TOP INTERVIEW
経営者に聞く
MICE機能が充実 札幌随一のコンベンションホテル【札幌パークホテル】
1964年に開業し、札幌を代表する名門ホテルの一つである札幌パークホテル(札幌市中央区)。中島公園に隣接し、市街中心部にありながら自然を感じられる立地環境と、札幌市内随一のコンベンションホテルとして、リアルな集いの場を長年提供してきた。4月1日、総支配人に就任した須田雅之氏に、同ホテルや地域の魅力を活かしたホテル運営を聞いた。
************************************
――須田さんのホテルマンとしてのキャリアは札幌から始まった。
須田 三井観光開発(現:グランビスタホテル&リゾート)に入社した後、最初の赴任地が札幌グランドホテル(札幌市中央区)でした。6年ほどの在籍期間に、宴会サービスや宴会予約、営業・セールス等を担当しました。

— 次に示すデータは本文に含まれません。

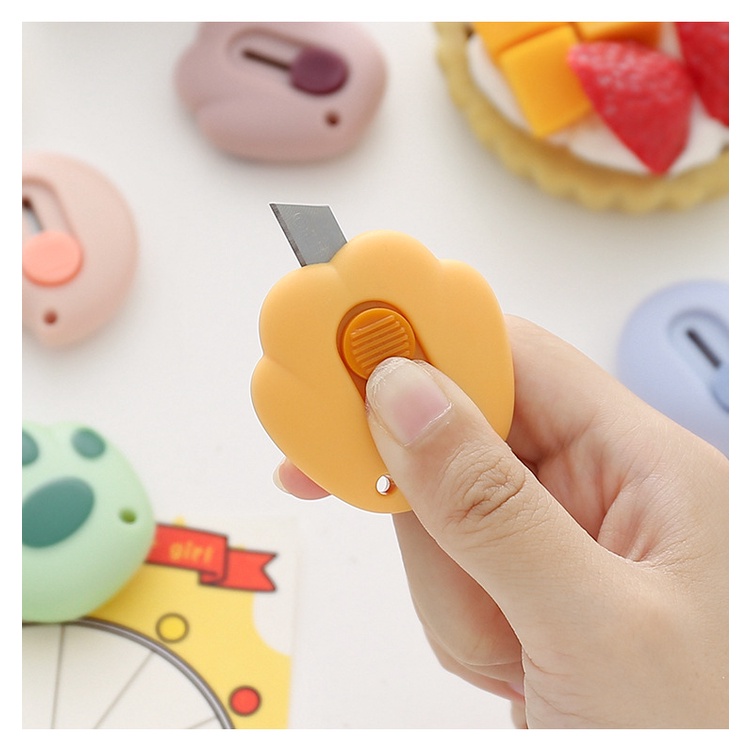 Dao rọc giấy hình dấu chân mèo xinh xắn
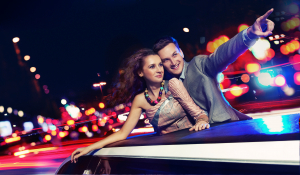 couple traveling a limousine at night
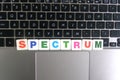 Word Spectrum on keyboard background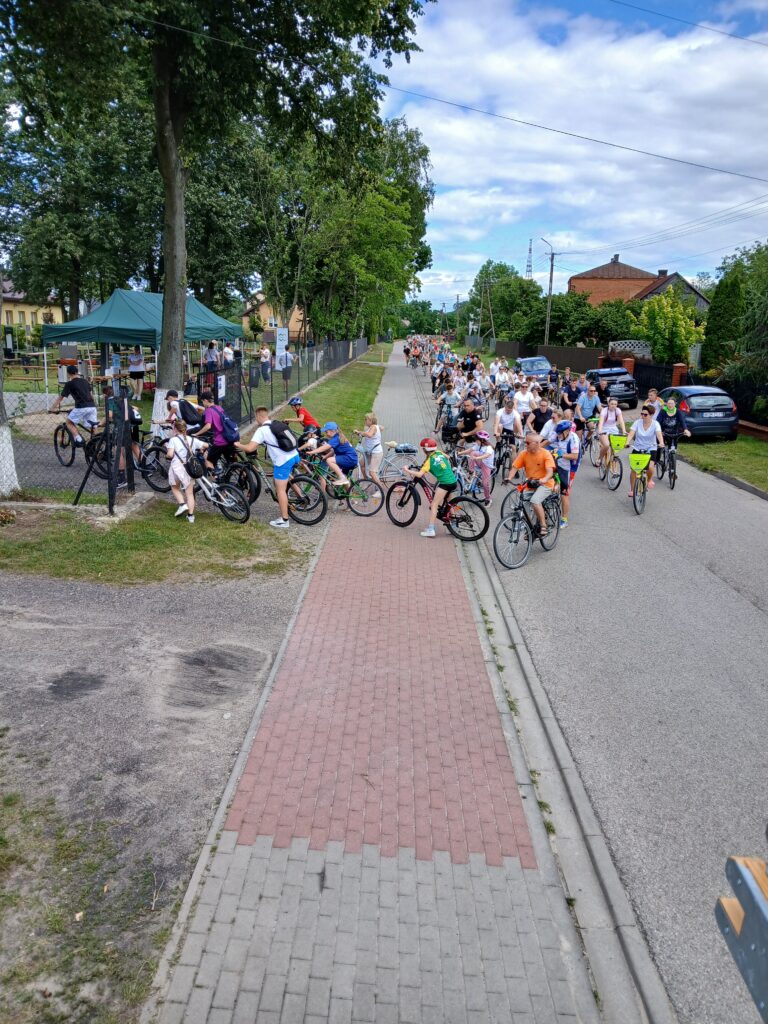 Grupa rowerzystów na ścieżce, otoczona zielenią i domami, pod niebieskim, zachmurzonym niebem. Alpinizm, czerwony bruk na drodze.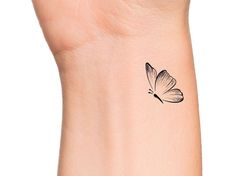 a black and white butterfly tattoo on the left side of the wrist, with one wing extended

――その後、本社でレベニューマネジメントやセールスマーケティング、アセットマネジメント等を担当した後、2020年4月に札幌へ戻り、札幌グランドホテル/札幌パークホテルの要職を歴任した。
須田 ちょうど緊急事態宣言が発出されるかどうかという状況の中でした。その直後に一時休業というホテルの歴史においても前代未聞の事態に直面しましたが、ホテル運営をゼロベースで見直し、何か新しいことに挑戦する機会を得られたと前向きに捉えています。

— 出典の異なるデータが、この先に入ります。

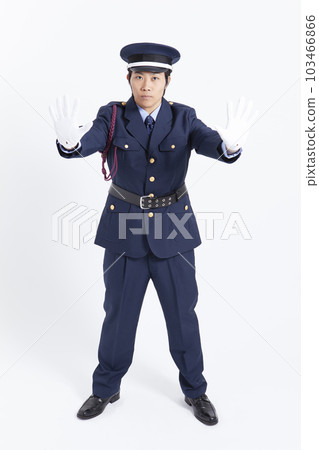 A security guard who spreads his hand and stops A security guard who spreads his hand and stops 103466866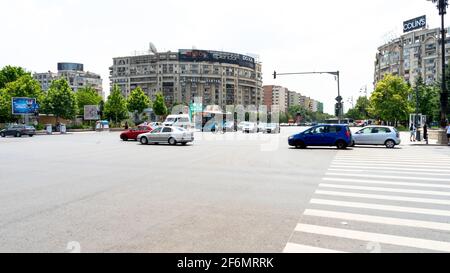 Traffico su Union Square (Piata Unirii), bisecato da Unirii Boulevard, in una giornata soleggiata e limpida, Bucarest, Romania Foto Stock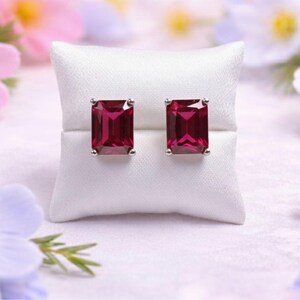 May include: Silver stud earrings, each featuring a rectangular, deep red gemstone. The earrings are presented on a white cushion, with a backdrop of soft-focus pink, purple, and white flowers.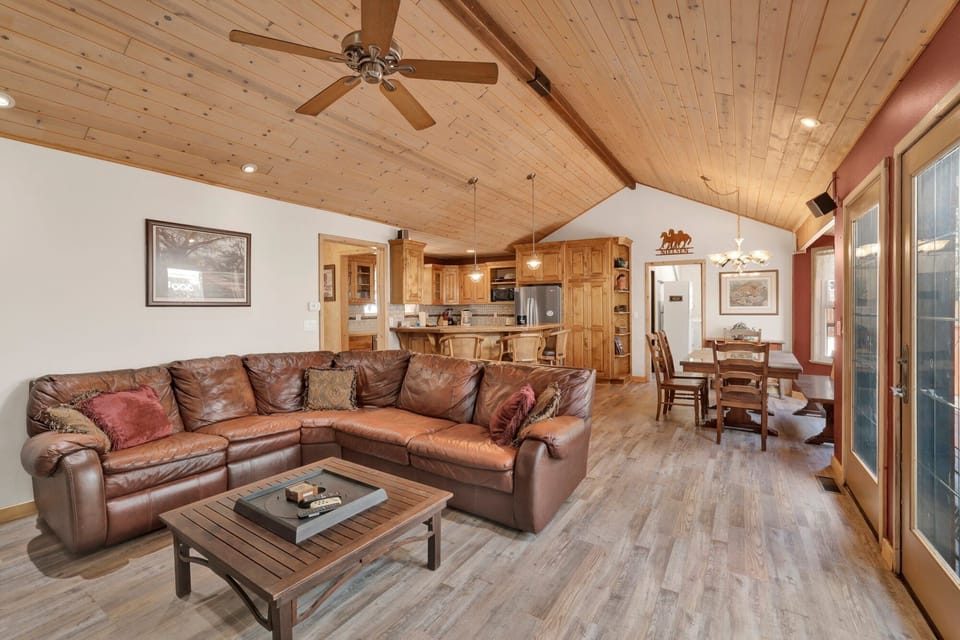 Cozy mountain living room with wood ceilings, fireplace, comfy seating, and smart TV—perfect for relaxing evenings, movie nights, and warm cabin vibes after outdoor adventures.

――この挑戦の一環で、サステナブルな運営に力を入れている。
須田 2022年から、札幌パークホテルの屋上で養蜂を始めました。採取した蜂蜜はホテルメイドの生カステラの材料や朝食のパンの付け合わせとして利用客の皆さんに提供しています。
2021年からはホテルスタッフ用食堂の自営化も始めました。自社農園で栽培した野菜や、宴会・レストランで使いきれなかった食材等をメニューに活用しています。若手スタッフがメニュー開発に携わり、調理技術の向上や広い視野を持つ人材の育成、スタッフの働く意欲の向上等に繋げる狙いがあります。
――札幌パークホテルの強みとは何か。
須田 季節や自然を感じられる滞在体験が提供できることが当ホテルの強みだと思います。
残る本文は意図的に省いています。